Restorative justice calls for schools to provide students and staff the opportunity to talk through conflicts instead of punishing kids with meaningful measures like suspensions.
Yet the data shows that, despite an outlay of $100 million since it became the prevailing practice, incidents requiring the NYPD’s school safety division more than doubled — from 1,200 in the first quarter of 2016 to 4,120 in the first quarter of 2025.
The report also found that putting troubled students in “meditation rooms” instead of suspending or kicking them out of class doesn’t solve any problems, as violent incidents continued to rise and absenteeism jumped 35%.

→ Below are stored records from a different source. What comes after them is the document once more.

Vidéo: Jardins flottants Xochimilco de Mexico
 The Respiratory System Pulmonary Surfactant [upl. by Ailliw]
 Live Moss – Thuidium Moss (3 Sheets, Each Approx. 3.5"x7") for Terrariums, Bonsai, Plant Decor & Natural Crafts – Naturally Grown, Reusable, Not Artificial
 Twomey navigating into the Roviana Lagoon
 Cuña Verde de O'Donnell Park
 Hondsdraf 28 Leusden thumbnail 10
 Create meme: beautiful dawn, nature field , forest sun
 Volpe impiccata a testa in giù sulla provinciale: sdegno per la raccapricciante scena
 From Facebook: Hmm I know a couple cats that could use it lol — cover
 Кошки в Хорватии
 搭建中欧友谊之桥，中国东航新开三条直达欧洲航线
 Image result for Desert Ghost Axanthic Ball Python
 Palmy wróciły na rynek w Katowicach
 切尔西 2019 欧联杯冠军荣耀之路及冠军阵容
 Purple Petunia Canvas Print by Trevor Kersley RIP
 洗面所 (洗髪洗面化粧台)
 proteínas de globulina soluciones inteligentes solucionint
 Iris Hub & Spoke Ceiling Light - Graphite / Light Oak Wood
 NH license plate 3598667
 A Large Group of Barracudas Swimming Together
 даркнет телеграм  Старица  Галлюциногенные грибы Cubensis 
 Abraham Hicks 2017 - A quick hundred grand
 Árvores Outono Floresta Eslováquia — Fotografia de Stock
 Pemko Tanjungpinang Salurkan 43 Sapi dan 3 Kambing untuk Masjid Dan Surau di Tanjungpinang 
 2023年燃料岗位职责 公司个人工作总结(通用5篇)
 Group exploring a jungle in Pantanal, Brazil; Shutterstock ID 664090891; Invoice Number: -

The study cites several instances of students not being punished or held accountable for deplorable behavior and violent acts.
- Though students at Origins High School who had subjected a Jewish teacher to Nazi salutes and threats were sent to a “meditation room,” the harassment did not stop.
- This spring, an 8-year-old stabbed a staff member with a pencil and threatened classmates at Staten Island’s PS 8. Parents derided the school’s response — a meditation room and calls home — as entirely inadequate.
- A Center for Court Innovation in Brooklyn found no statistically significant benefits in schools that implemented restorative-justice practices compared to those that used a traditional disciplinary approach.
The Department of Education claims suspensions have plummeted 48% over the past 10 years, resulting in “keeping more children in class and engaged.”
Duh: If your policy is to suspend fewer kids, as restorative-justice calls for, it’s no shock that fewer kids get suspended.
Even Schools Chancellor Melissa Aviles-Ramos admits the approach isn’t cutting it: “The work is far from done,” she conceded Wednesday. Yet she vowed, “It’s not leaving New York City public schools.”
That’s unforgivable: The study’s bottom line clearly found restorative justice fuels disorder, a lack of accountability and possibly an increase in chronic absenteeism.
The disruptions that prevent well-behaved kids from learning alone should be enough to ditch this policy, not to mention the violence and absenteeism that comes from it.
Mayor Eric Adams, as a former cop, should know that kids who don’t pay meaningful consequences for misbehavior will simply continue misbehaving.
Some good news: An April 2025 executive order from Donald Trump puts the kibosh on using race as a factor in discipline, which may help push schools to return to traditional responses to misconduct and a restoration of order in classrooms.
But until New York City’s policy changes, the chaos will continue — and learning will suffer.